Less well-publicised has been the shrinking number of convictions. Courts in many states appear to be favouring sentences of life without parole as an alternative that is less drastic, equally satisfactory in terms of public safety and much less expensive to administer.

"The death penalty is on the defensive," said Richard Dieter, the DPIC's director, as the annual report was released.

It has been a rough few months for advocates of capital punishment in the US. Ten states have in effect halted executions because of concerns that their favoured method, death by lethal injection, inflicts intolerable pain on the condemned prisoners. Illinois is in its seventh year of an open-ended moratorium on executions and New Jersey is considering abolishing its death penalty.
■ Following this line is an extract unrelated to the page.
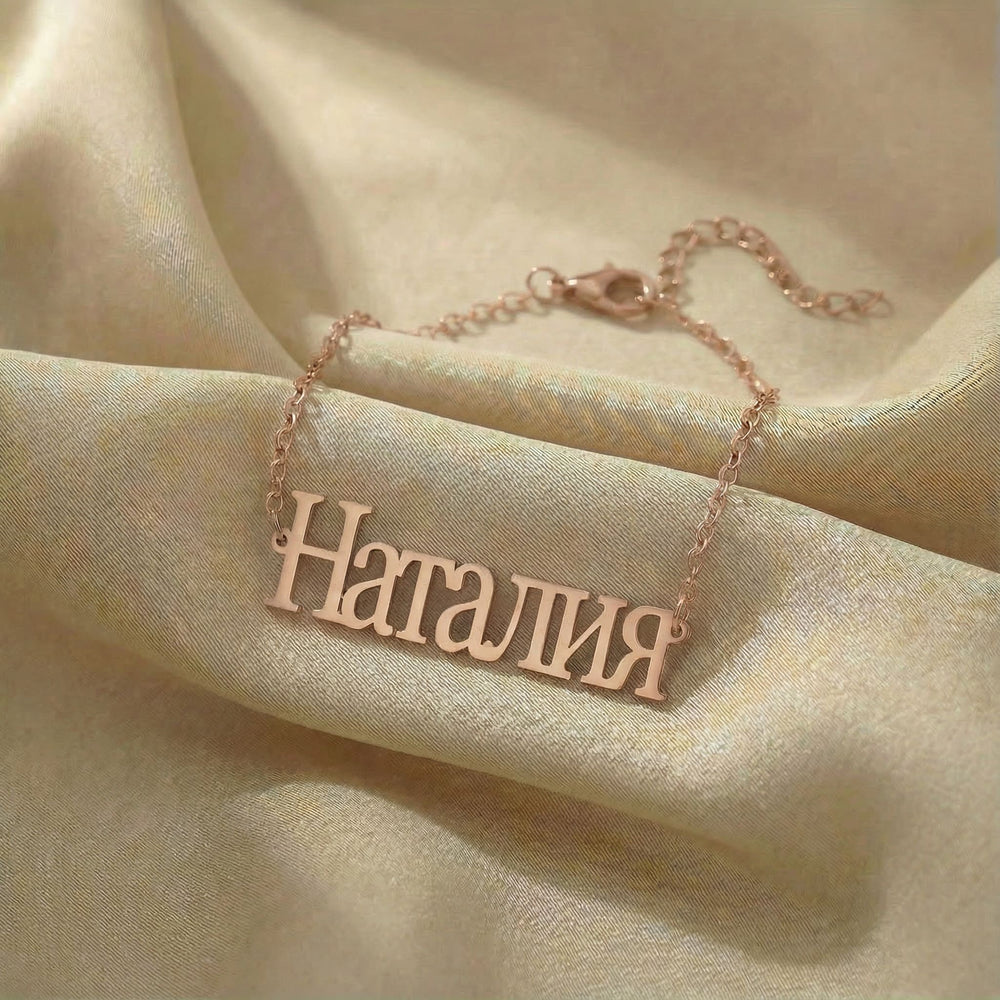 Personalized name bracelet in Cyrillic in rose gold finish on beige silk fabric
The gruesome images of Saddam Hussein's hanging in Iraq, captured on a video mobile phone and beamed around the world via the internet, have underlined the barbaric nature of state-sanctioned killing. Organisations including Human Rights Watch have argued that the images - showing a stoic Saddam taunted by a gang of masked men looking much more like criminals than him - have put a shine on Saddam's otherwise horrific record of killings and torture.

"They will not strengthen the argument of death penalty proponents in the United States or anywhere else," said Richard Dicker, the director of Human Rights Watch.

Earlier this week, a special commission established by the New Jersey governor Jon Corzine, an outspoken death penalty opponent, concluded that justice would be better served by sentences of life imprisonment without the possibility of parole. "There is no compelling evidence," the report said, "that the New Jersey death penalty rationally serves a legitimate penological intent.

"There is increasing evidence that the death penalty is inconsistent with evolving standards of decency. The penological interest in executing a small number of persons guilty of murder is not sufficiently compelling to justify the risk of making an irreversible mistake."

The death penalty exists in 38 of the 50 US states but is only regularly applied in a small handful of them, led by Texas, Virginia and Oklahoma. Those states which have put the death penalty on hold because of concerns about the inhumane aspects of lethal injection include California, Florida, Ohio, Arkansas, Delaware, South Dakota, Maryland and Missouri.